> **Records for the exercise**:
● ● ● ● ● ● ●

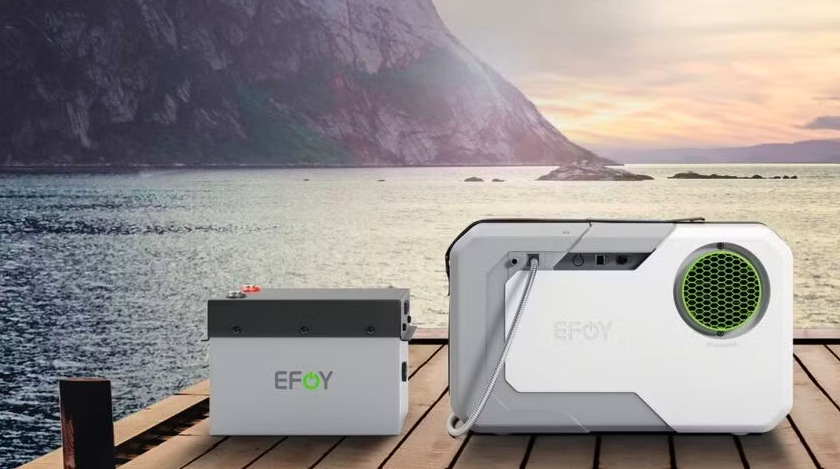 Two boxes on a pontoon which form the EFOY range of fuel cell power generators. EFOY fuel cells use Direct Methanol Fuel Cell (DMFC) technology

● ● ● ● ● ● ●

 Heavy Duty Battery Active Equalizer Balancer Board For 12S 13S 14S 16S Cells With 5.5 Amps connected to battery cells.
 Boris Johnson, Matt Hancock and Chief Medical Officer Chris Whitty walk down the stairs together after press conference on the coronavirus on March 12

● ● ● ● ● ● ●

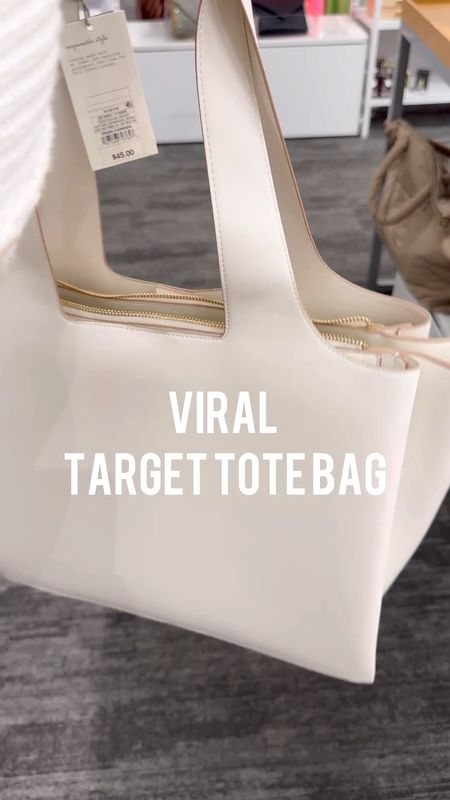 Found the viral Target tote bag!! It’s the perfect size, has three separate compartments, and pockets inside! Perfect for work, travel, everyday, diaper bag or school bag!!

● ● ● ● ● ● ●

> **Your goal**:
Would you retype the lines above from the one with "Heavy Duty Battery" down to the one with "Boris Johnson, Matt", word for word, both ends included and no other lines?

> **Solved problem**:
 Heavy Duty Battery Active Equalizer Balancer Board For 12S 13S 14S 16S Cells With 5.5 Amps connected to battery cells.
 Boris Johnson, Matt Hancock and Chief Medical Officer Chris Whitty walk down the stairs together after press conference on the coronavirus on March 12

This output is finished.